/24m/outings
Navigation

Ribfest 2017: Un ado s’initie à l’art des côtes levées

Blake Wilson.
Charlotte R. Castilloux, 24 Heures Blake Wilson.

Coup d'oeil sur cet article

Un adolescent de la Floride a profité du Ribfest de Montréal pour s’initier à la tradition familiale après avoir observé son père cuisiner des côtes levées au cours des 15 dernières années

S’il a l’habitude d’aider à gauche à droite pendant les festivals, cette année est la première où Blake Wilson travaille des journées complètes. Âgé de 17 ans, on peut dire que les Ribfests le sortent de la paresse. « D’habitude je ne fais que dormir en arrière », avoue-t-il en riant. « Maintenant je travaille toute la journée, c’est pas facile être debout toute la journée », poursuit-il en disant qu’il aime qu’on lui confie la caisse ou le BBQ.

Depuis l’âge de deux ans, il suit ses parents dans les Ribfest avec le kiosque familial, le Hawgs Gone Wild. «Il n’a jamais été un enfant difficile en tournée, on lui mettait un film en arrière et il s’endormait rapidement», explique son père, Mark Wilson, propriétaire du Hawgs Gone Wild avec sa femme Robyn.

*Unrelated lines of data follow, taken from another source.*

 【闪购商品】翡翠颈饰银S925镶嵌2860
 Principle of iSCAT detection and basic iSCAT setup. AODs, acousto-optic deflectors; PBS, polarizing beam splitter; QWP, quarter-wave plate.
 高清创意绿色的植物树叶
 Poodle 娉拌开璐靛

Mark Wilson (au centre) et sa femme, Robyn Wilson, initient leur fils, Blake Wilson, à l’art des côtes levées cette année au Ribfest de Montréal.
Charlotte R. Castilloux \ 24 HEURES
Mark Wilson (au centre) et sa femme, Robyn Wilson, initient leur fils, Blake Wilson, à l’art des côtes levées cette année au Ribfest de Montréal.

À l’occasion du Ribfest de Montréal qui s’est terminé dimanche, le Hawgs Gone Wild était au côté de sept Ribbers au plus grand plaisir des amateurs de viande.

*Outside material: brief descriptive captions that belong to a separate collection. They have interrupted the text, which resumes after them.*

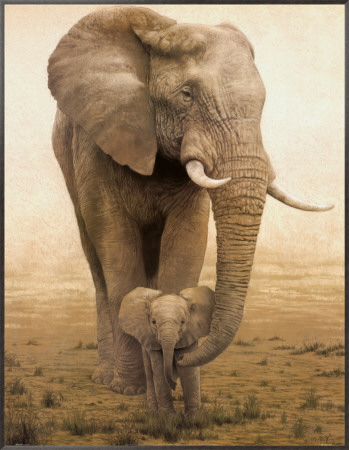 Momma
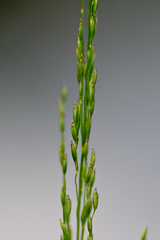 Poa palustris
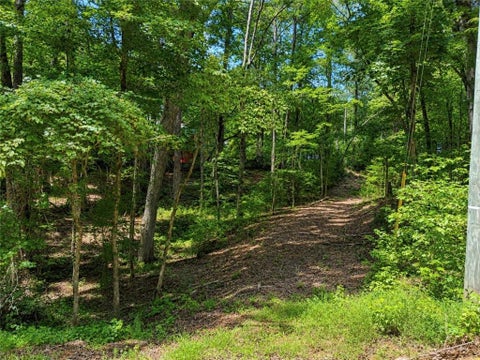 Vacant Land For Sale - 6195 Belle Meade Drive<br/> Villa Rica, GA 30180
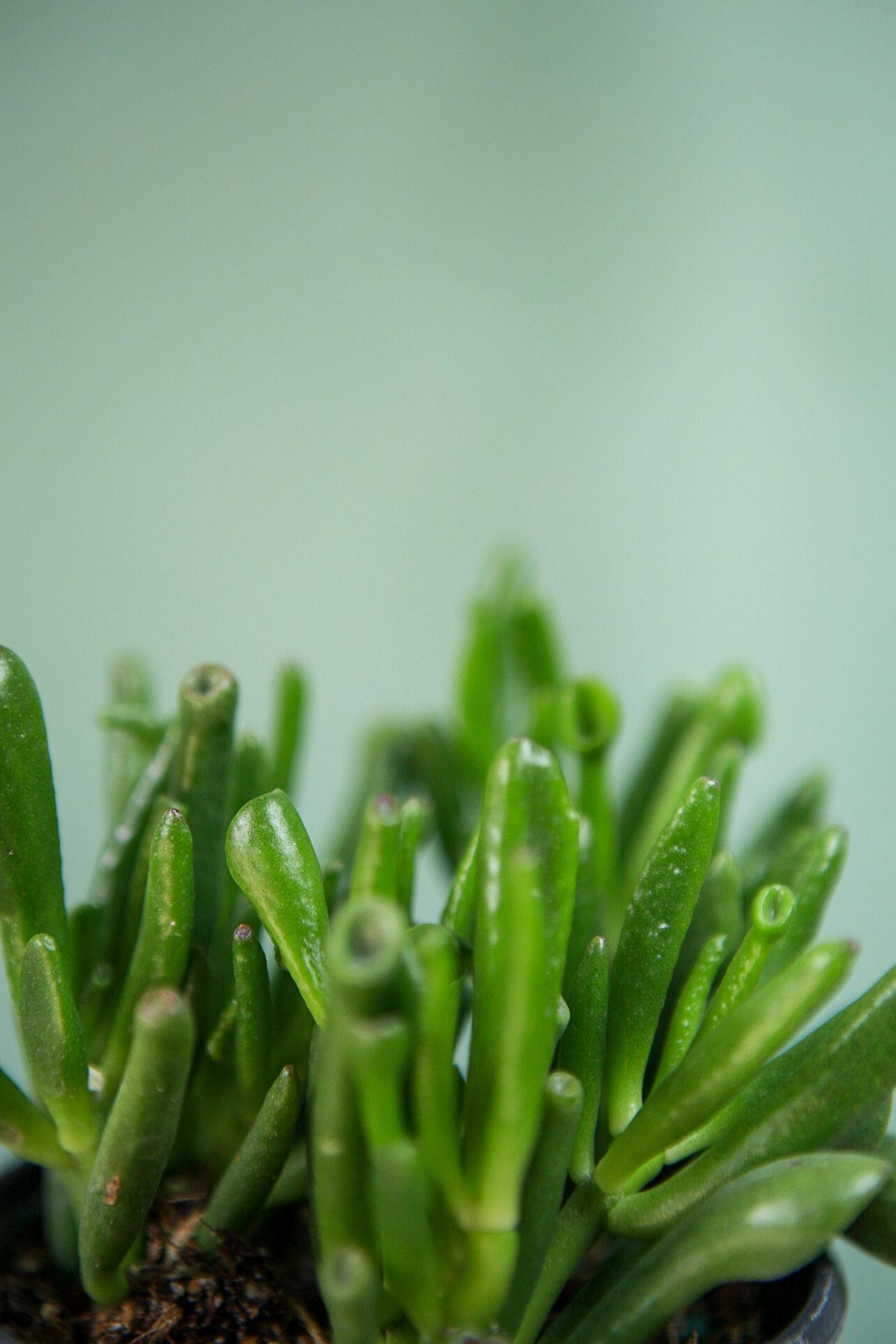 Jade Plant 'Hobbit'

« C’est le fun de le voir travailler et de prendre ses aises », affirme M. Wilson qui serait heureux de voir son fils prendre la relève de l’entreprise familiale. Même si les journées de travail sont épuisantes, Blake Wilson prévoit continuer de travailler avec ses parents encore plusieurs années. « Ça pourrait être pire comme emploi d’été, rigole-t-il. En plus, on voyage et on visite plein de villes. »

Venir que pour ces ribs

Présent au Ribfest de Montréal depuis sa création il y a trois ans, le Hawgs Gone Wild a fait sa marque. Tellement que Denis Auger et Stéphane Tremblay se sont déplacés uniquement pour celle-là. « C’est vraiment un coup de cœur, j’avais hâte à cette année juste pour en remanger », souligne M. Auger qui dit faire la tournée des Ribfests pour profiter de ses côtes levées favorites. « Elles ont plus de viandes que celles qu’on retrouve en majorité ici, et le mode de cuisson est incroyable », ajoute M. Tremblay.

« On les fait fumer en arrière, puis on les finit sur le grill », précise le jeune Blake. « Mais c’est notre sauce secrète qui fait toute la différence », explique M. Wilson.

Ribfest inondé

Les pluies torrentielles de vendredi ont complément inondé le site où se tient l’événement. Samedi, l’ouverture du site a même été reportée pour laisser le temps aux organisateurs de nettoyer les lieux. « On a fait livrer deux camions de paille et on a pompé l’eau pendant quatre heures samedi », affirme Normand Robitaille, l’un des quatre organisateurs de l’événement.

Ribfest 2017.
Charlotte R. Castilloux \ 24 HEURES
Ribfest 2017.

Malgré tout, les festivaliers étaient au rendez-vous. « C’est sur qu’on aura eu moins de monde que les années précédentes, mais on a réussi à ouvrir et c’est encore une belle année », soutient M. Robitaille en ajoutant qu’il estime le nombre de participants à près de 70 000 pour la troisième édition de l’événement.

Pendant les six jours du Ribfest, c’est environ 50 000 portions de côte levée qui sont vendues à Montréal.